↓↓↓

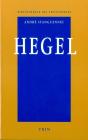 Hegel, Une Philosophie De La Raison Vivante - Preview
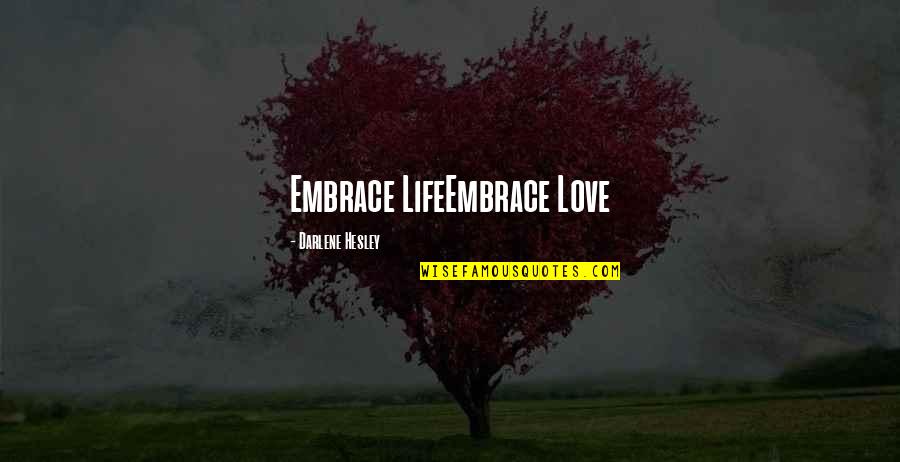 Rabbit Stew Quotes By Darlene Hesley: Embrace LifeEmbrace Love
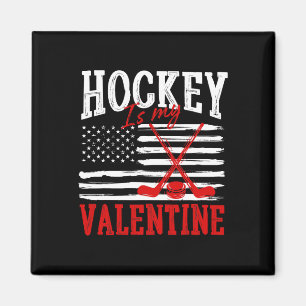 Hockey Is My Valentine Valentine's Day Ice Hockey Magnet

↑↑↑

Task to carry out: Print the listing exactly, minus its pictures.

Solution for this exercise:
 Hegel, Une Philosophie De La Raison Vivante - Preview
 Rabbit Stew Quotes By Darlene Hesley: Embrace LifeEmbrace Love
 Hockey Is My Valentine Valentine's Day Ice Hockey Magnet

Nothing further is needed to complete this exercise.